BVD virus is extremely prevalent. The disease is distributed worldwide, and its prominence varies between countries, depending on availability of vaccines, knowledge of the disease and schemes in place. It is reported that 96% of dairy herds in England and Wales where positive for BVD virus antibodies in bulk milk, with 65% of the herds likely to have suffered an outbreak in the recent past and currently having persistently infected animals in the herd (Paton et al, 1999). It is estimated that the cost of infection in a 100 cow beef herd over a ten year period is around £45,000, with the cost for a dairy herd of the same size over double that (Stephens, 2009). The majority if costs incurred are due to fertility problems such as reduced conception rates, abortions, birth of deformed calves, and embryonic losses. Lower growth rates, increased lameness and a reduced immune response also contribute to the costs of BVD. In New Zealand, 60% of herds are affected, with estimated costs to the industry totalling at about $150 million in the dairy industry every year, at $220 a cow per head.

Countries have begun to take steps to try and eradicate the problem. In Scotland a scheme has been put in place with a subsidy for mandatory testing of every herd, a ban on knowingly selling PI animals, movement restriction on BVD infected herds, pre-movement screening for BVD, and double-fencing/housing a possible requirement for herds with a persisting problem (Scottish Government, 2013). In Northern Ireland, there is a voluntary scheme started in 2013 that will become compulsory in 2014. It is based on testing ear punch samples collected using tissue sample-enabled official identity tags for BVD virus and so can identify PI calves to enable their rapid culling, eliminating shedding of the virus. Where PI calves are detected in a herd, further testing is required to identify any other PI cattle that may be present and to prevent spread through trade (Animal Health and Welfare NI, 2013).

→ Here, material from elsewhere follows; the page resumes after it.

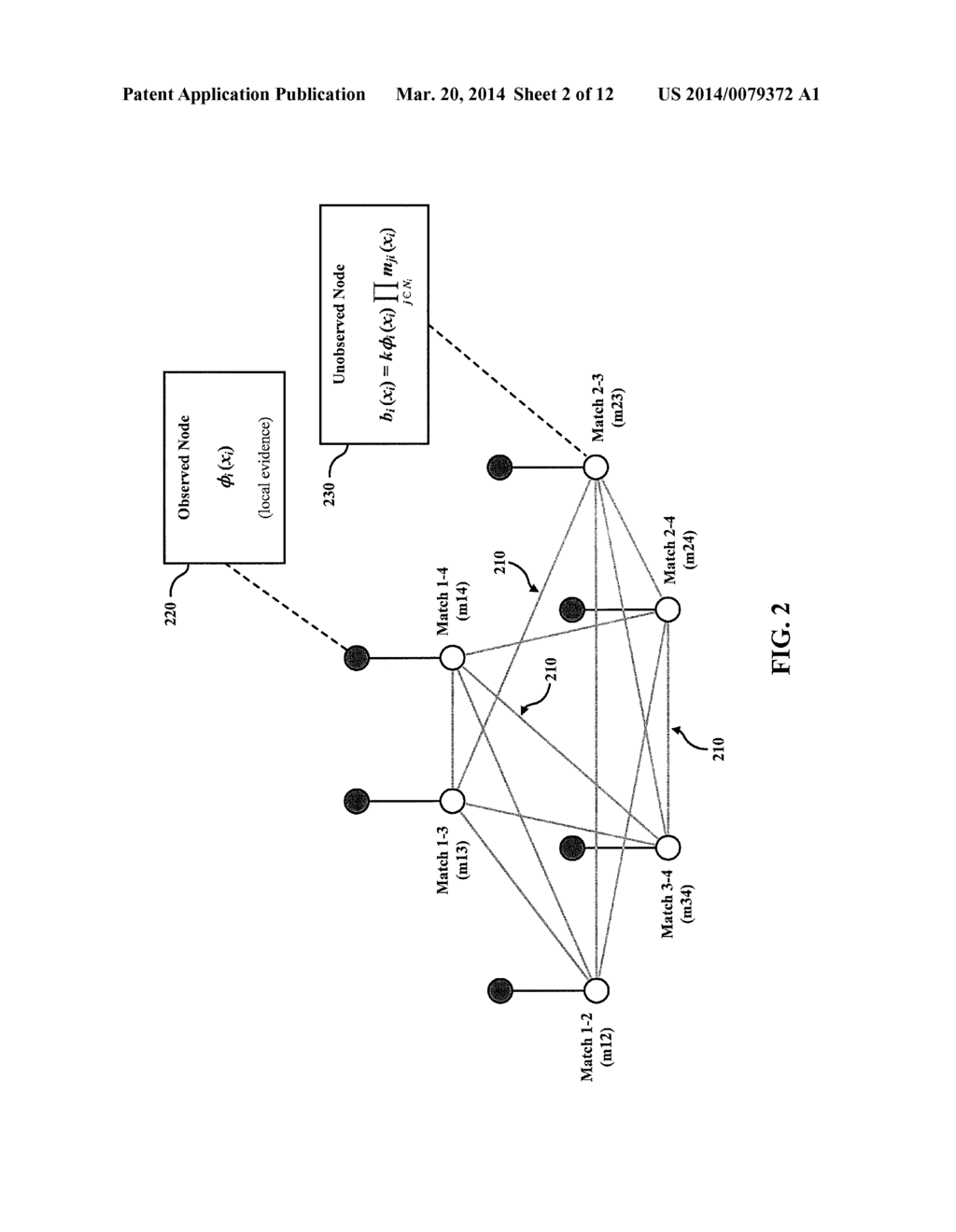 METHOD FOR SYNCHRONIZING MULTIPLE AUDIO SIGNALS - diagram, schematic, and image 03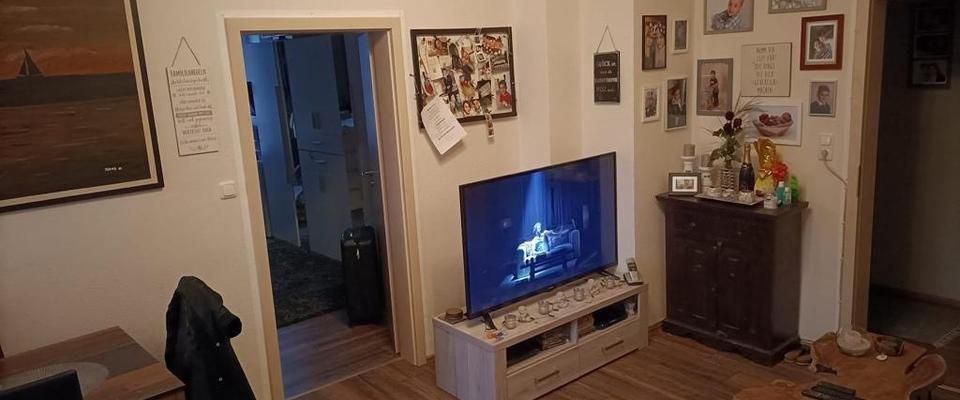 Altbauwohnung in Lüdenscheid zu vermieten - Photo 1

Ultimately it can be seen from this essay that BVD, a pestivirus, is one of the most important viruses affecting cattle in the UK, and at the moment it is widespread throughout the country. It can manifest itself in many different ways, acute or persistently and can in some cases result in deaths of livestock. The main issue in the fight against BVD are PI animals. Economically, farmers are suffering large losses due to BVD particularly in relation to reproduction and fertility issues. Thankfully, countries recently have realised just how important the disease is, and so have begun to implement eradication schemes. Farmers can take their own steps to limit its spread, with vaccination programmes and strict biosecurity measures. With a joint effort from both Governments and farmers, BVD can be easily managed and hopefully in the not too distant future, eradicated.